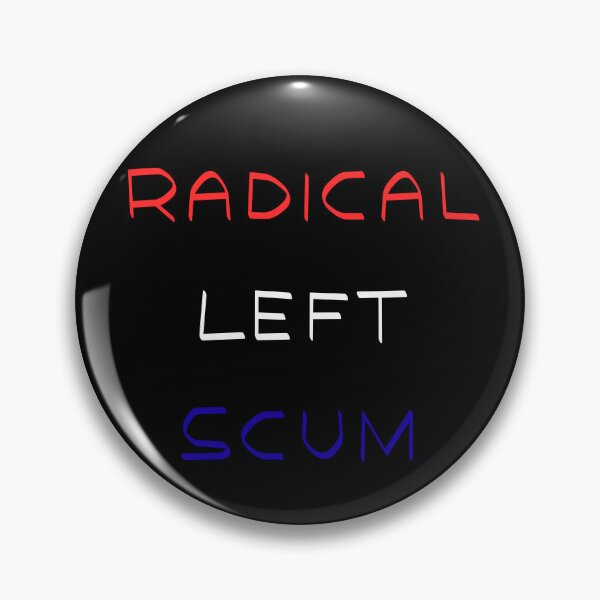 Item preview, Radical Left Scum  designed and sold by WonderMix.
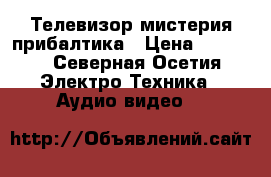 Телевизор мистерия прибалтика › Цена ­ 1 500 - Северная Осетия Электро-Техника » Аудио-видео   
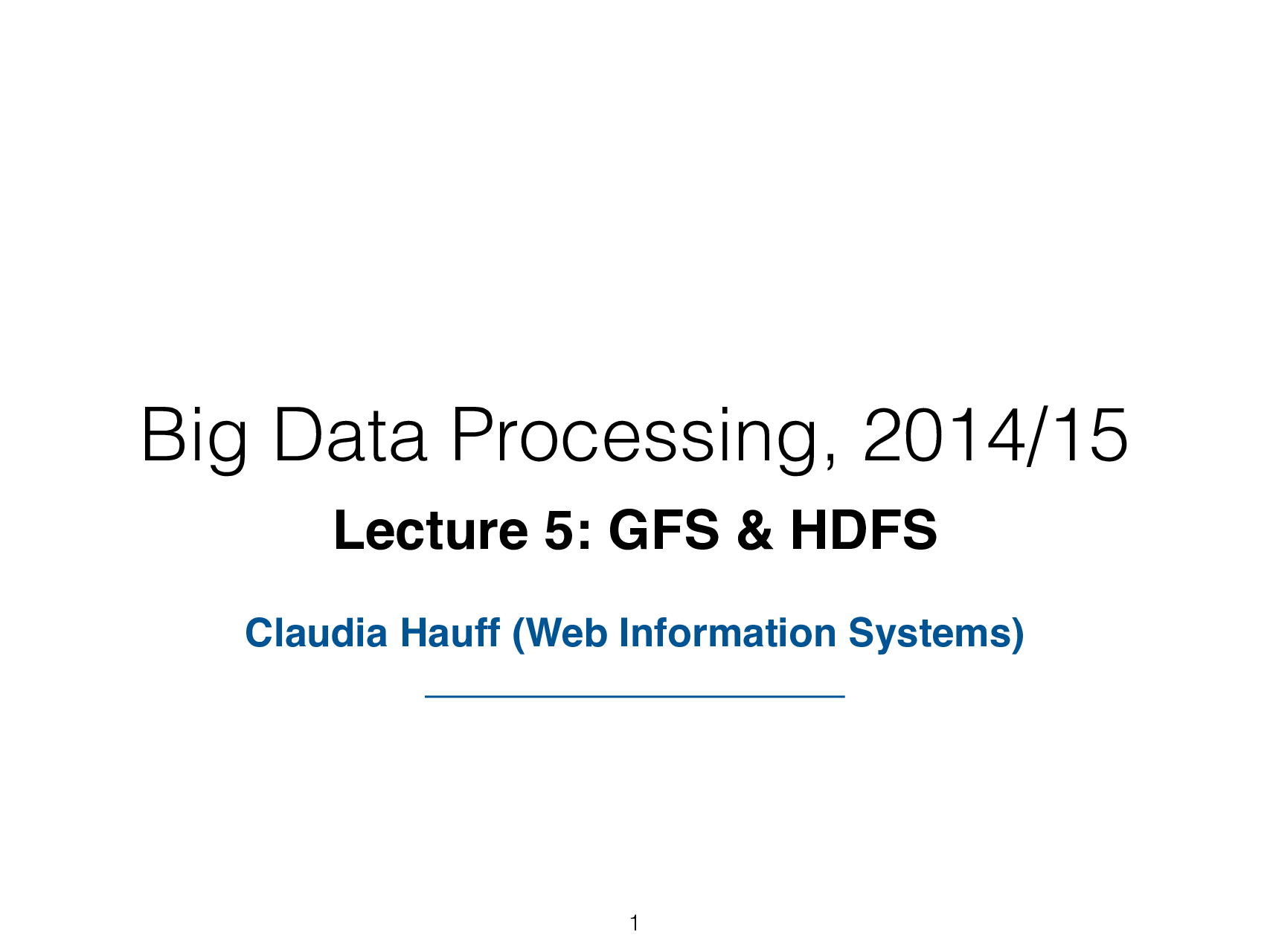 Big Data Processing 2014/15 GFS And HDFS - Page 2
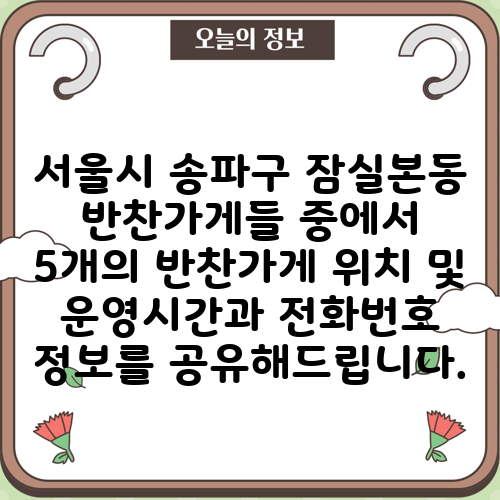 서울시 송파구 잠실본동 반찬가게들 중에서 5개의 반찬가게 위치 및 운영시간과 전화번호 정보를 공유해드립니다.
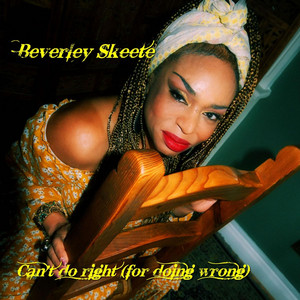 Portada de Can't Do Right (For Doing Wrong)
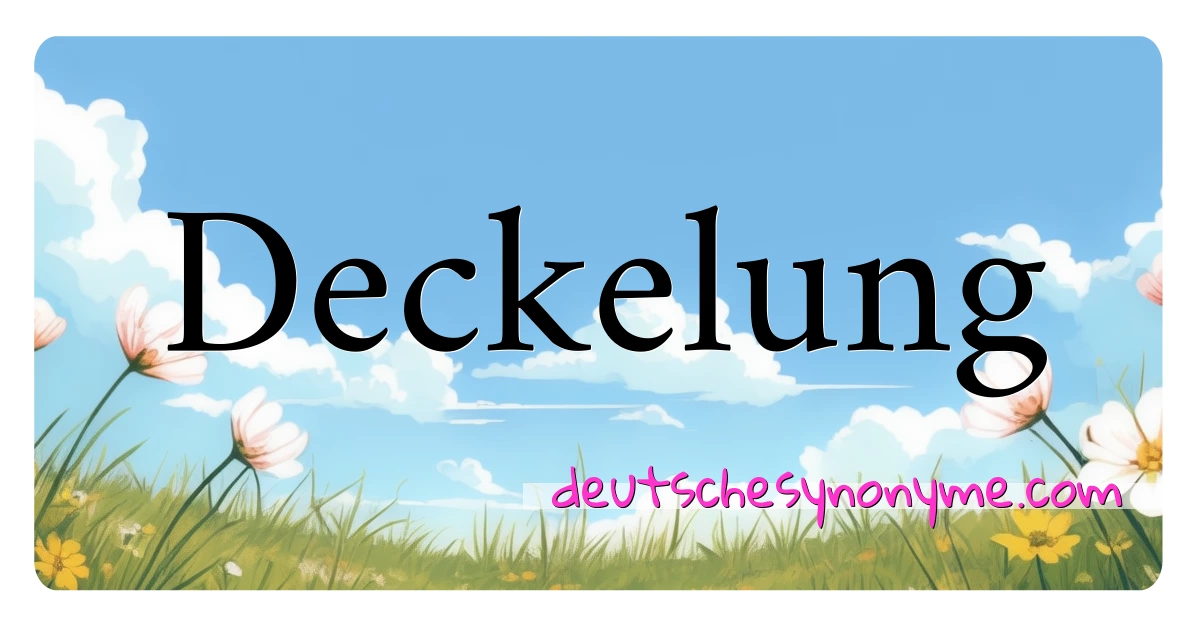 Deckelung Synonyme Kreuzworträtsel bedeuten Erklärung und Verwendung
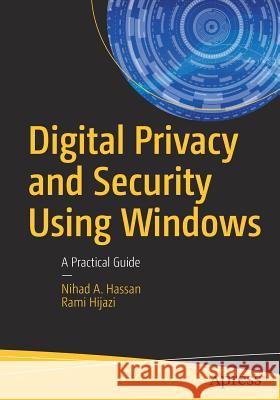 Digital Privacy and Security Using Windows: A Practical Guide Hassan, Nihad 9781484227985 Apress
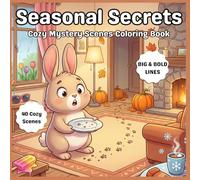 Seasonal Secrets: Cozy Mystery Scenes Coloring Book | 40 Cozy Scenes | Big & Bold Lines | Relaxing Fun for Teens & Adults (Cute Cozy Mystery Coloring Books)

++++++++++

About this task ▸
An exact restatement of the lines from the one holding "Digital Privacy and" through the end of the entries, both ends included, is the whole answer. Pictures stay out.

Solution for this problem ▸
 Digital Privacy and Security Using Windows: A Practical Guide Hassan, Nihad 9781484227985 Apress
 Seasonal Secrets: Cozy Mystery Scenes Coloring Book | 40 Cozy Scenes | Big & Bold Lines | Relaxing Fun for Teens & Adults (Cute Cozy Mystery Coloring Books)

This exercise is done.